Description of the task
Copy every line below exactly.

[Data items]
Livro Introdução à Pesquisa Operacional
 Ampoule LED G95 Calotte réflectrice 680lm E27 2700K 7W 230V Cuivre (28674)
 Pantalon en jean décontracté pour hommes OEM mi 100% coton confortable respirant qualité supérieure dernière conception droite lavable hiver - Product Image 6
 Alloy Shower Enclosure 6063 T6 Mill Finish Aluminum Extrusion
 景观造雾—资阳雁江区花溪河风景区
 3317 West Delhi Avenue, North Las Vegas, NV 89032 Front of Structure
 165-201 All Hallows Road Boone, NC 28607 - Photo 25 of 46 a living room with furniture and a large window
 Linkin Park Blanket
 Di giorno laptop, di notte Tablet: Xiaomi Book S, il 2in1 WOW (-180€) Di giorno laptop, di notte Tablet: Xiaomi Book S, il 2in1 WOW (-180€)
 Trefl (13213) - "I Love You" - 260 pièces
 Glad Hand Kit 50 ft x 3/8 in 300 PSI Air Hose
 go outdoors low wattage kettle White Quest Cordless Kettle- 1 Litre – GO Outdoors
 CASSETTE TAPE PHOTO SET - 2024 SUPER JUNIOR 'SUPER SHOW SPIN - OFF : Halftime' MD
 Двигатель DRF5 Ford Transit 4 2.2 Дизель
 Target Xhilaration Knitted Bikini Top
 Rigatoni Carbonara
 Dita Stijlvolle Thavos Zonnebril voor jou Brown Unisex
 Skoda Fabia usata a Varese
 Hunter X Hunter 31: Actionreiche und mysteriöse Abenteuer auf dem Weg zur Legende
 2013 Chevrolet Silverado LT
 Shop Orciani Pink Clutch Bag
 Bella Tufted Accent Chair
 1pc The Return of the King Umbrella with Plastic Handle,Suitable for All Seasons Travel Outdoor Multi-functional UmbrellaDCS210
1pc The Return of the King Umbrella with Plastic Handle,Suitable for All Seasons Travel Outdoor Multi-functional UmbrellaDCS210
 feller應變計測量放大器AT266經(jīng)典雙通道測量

Output for this exercise
Livro Introdução à Pesquisa Operacional
 Ampoule LED G95 Calotte réflectrice 680lm E27 2700K 7W 230V Cuivre (28674)
 Pantalon en jean décontracté pour hommes OEM mi 100% coton confortable respirant qualité supérieure dernière conception droite lavable hiver - Product Image 6
 Alloy Shower Enclosure 6063 T6 Mill Finish Aluminum Extrusion
 景观造雾—资阳雁江区花溪河风景区
 3317 West Delhi Avenue, North Las Vegas, NV 89032 Front of Structure
 165-201 All Hallows Road Boone, NC 28607 - Photo 25 of 46 a living room with furniture and a large window
 Linkin Park Blanket
 Di giorno laptop, di notte Tablet: Xiaomi Book S, il 2in1 WOW (-180€) Di giorno laptop, di notte Tablet: Xiaomi Book S, il 2in1 WOW (-180€)
 Trefl (13213) - "I Love You" - 260 pièces
 Glad Hand Kit 50 ft x 3/8 in 300 PSI Air Hose
 go outdoors low wattage kettle White Quest Cordless Kettle- 1 Litre – GO Outdoors
 CASSETTE TAPE PHOTO SET - 2024 SUPER JUNIOR 'SUPER SHOW SPIN - OFF : Halftime' MD
 Двигатель DRF5 Ford Transit 4 2.2 Дизель
 Target Xhilaration Knitted Bikini Top
 Rigatoni Carbonara
 Dita Stijlvolle Thavos Zonnebril voor jou Brown Unisex
 Skoda Fabia usata a Varese
 Hunter X Hunter 31: Actionreiche und mysteriöse Abenteuer auf dem Weg zur Legende
 2013 Chevrolet Silverado LT
 Shop Orciani Pink Clutch Bag
 Bella Tufted Accent Chair
 1pc The Return of the King Umbrella with Plastic Handle,Suitable for All Seasons Travel Outdoor Multi-functional UmbrellaDCS210
1pc The Return of the King Umbrella with Plastic Handle,Suitable for All Seasons Travel Outdoor Multi-functional UmbrellaDCS210
 feller應變計測量放大器AT266經(jīng)典雙通道測量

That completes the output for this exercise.